The ‘New Political Correctness’ tastes of privilege and desperation

I had an email from The Spectator the other day, asking me to come on their podcast and discuss the latest work vomited directly from the mouth of professional Brendan, Brendan O’Neill. It’s on ‘the New Political Correctness’, which is apparently A Thing now. I’m not certain a) how it differs from the old political correctness, or b) whether it means anything other than ‘common human decency extended to more people than just straight white guys’, but there we go. I agreed, because someone has to try and convince poor Brendan of the error of his ways.
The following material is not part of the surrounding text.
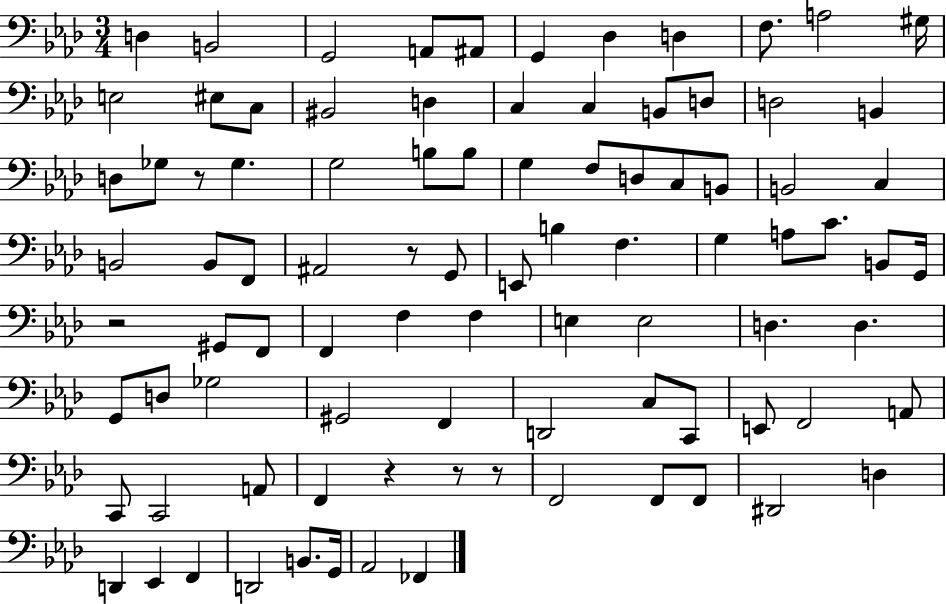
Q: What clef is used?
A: bass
They sent me the articles, one of which, ‘An A-Z Guide to the New PC’, is essentially an excuse for Brendan to gleefully type ‘nigger’ and ‘tranny’ and get away with it. To quote Tom Slater, who works for Brendan’s pet hate machine Spiked, ‘someone should tell them that satire is supposed to be funny’. The other article, by Damian Thompson, begins by telling us that ‘transgender … includes transvestites and transsexuals’, before whining that nowadays one has to ‘patiently master the racial nomenclature that tripped up Benedict Cumberbatch’, because it really is awful that we can’t just talk about Orientals and Negroes anymore. The triptych of turgid tripe is rounded off by Rod Liddle lagubriously lamenting the fact that some people desire gender neutral pronouns. The whole thing would be quite funny if it weren’t for the fact that I can picture in my mind the hordes of Spectator readers nodding along and tutting at the arrogance and censoriousness of today’s young liberals.
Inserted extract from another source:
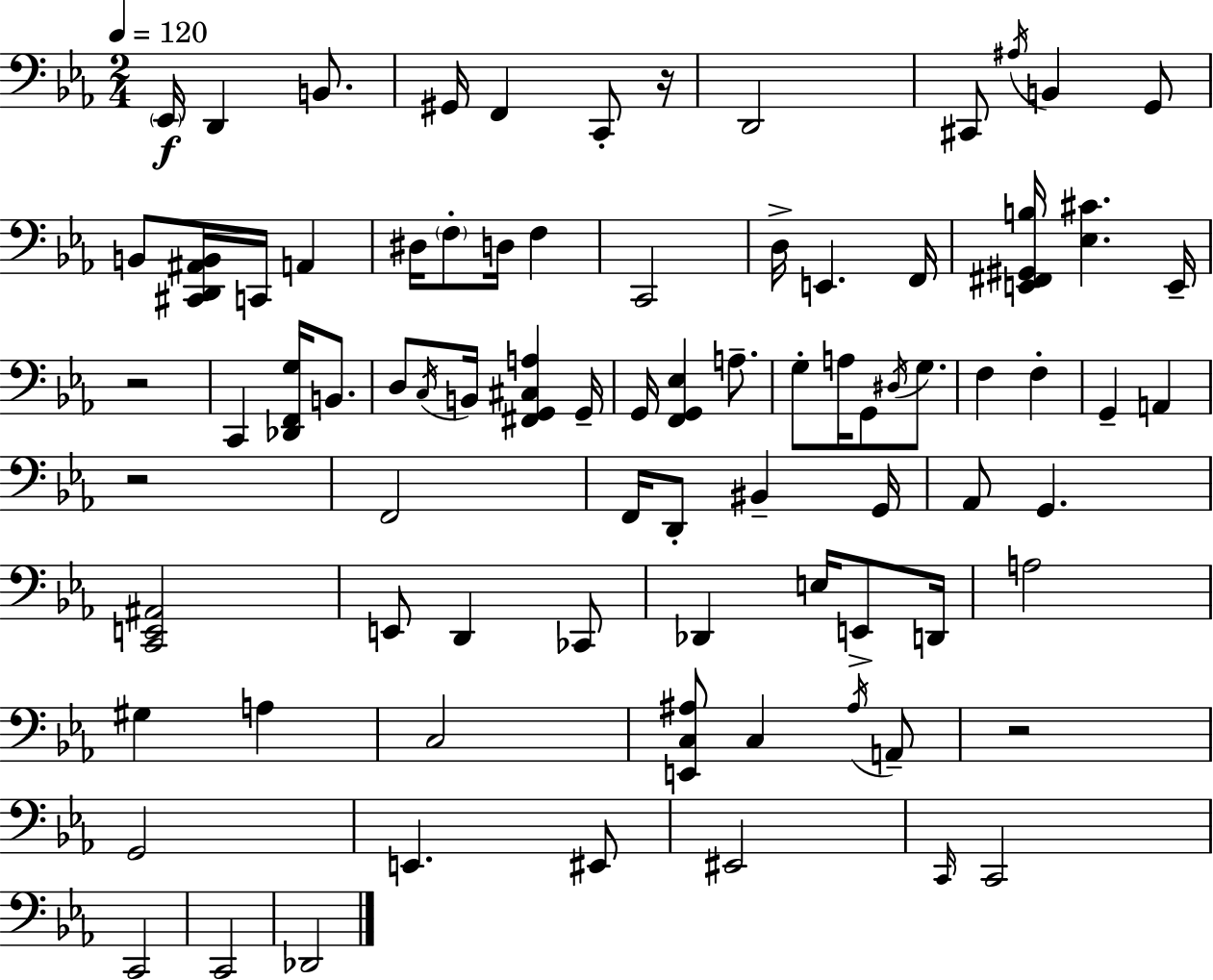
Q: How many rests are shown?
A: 4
Here is a bunny to take your mind off of the mental image of Rod Liddle, Damian Thompson and Brendan O’Neill in a hideous ecstasy of righteous privileged anger

I wasn’t aware that the podcast, which you can listen to here, would include both myself and Brendan talking at the same time until they Skyped me. I hadn’t expected to come face to face with Brendan until next month at the Oxford Union, when we’ll be debating ‘The right to free speech always includes the right to offend’, so it was a little bit of a shock. I haven’t listened back to the whole thing because I like the sound of my voice probably about as much as Brendan does, but a few things stuck in my mind.

He kept referring to me as Mr Squirrell, which was a little jarring – possibly because he thinks my name is funny, possibly because he didn’t think we’re on first name terms yet. I disagree – when someone writes an article lambasting you and referring to you as a ‘censorious leader’ of students, I think you form a certain connection.

Then there was his strange insistence that he’s a ‘progressive’, and he’s upset by the fact that today’s left-wing students don’t see everyone on earth as ‘equals’ and judge people based on their character rather than the colour of their skin. ‘See,’ he seemed to be saying, ‘You hate Martin Luther King, so really you’re a racist!’ I’m quite happy to judge people entirely on the content of their character when society starts doing that too. When people who’ve been systematically marginalised and oppressed because of the colour of their skin, or their gender, or their sexuality, are raised up to the same level of prosperity that middle class white men enjoy now, then I’ll happily judge people and their words and actions entirely on the basis of their character, rather than their background. But we’re not there yet. We’re so very far from there that pretending we are is nothing short of delusional or, as Brendan put it, ‘literally insane’. It’s a weird day when I get to play the pragmatist and accuse someone of being idealistic, but it happened.

I’ll let you listen and judge for yourself – there’s no doubt that Brendan (or Mr O’Neill, if he prefers) is a good speaker, and he has in common with some of the other right-wing pundits the ability to spin a seductive argument and reframe the debate in such a way that it almost seems like he’s on the moral highground. But if you peel back the thin veneer of intuitively appealing idealism and faux-egalitarianism, you can see it for what it is: a man from a dying breed of privilege, raging against the dying of the light.

The podcast is here, if that’s the sort of thing you’re in to.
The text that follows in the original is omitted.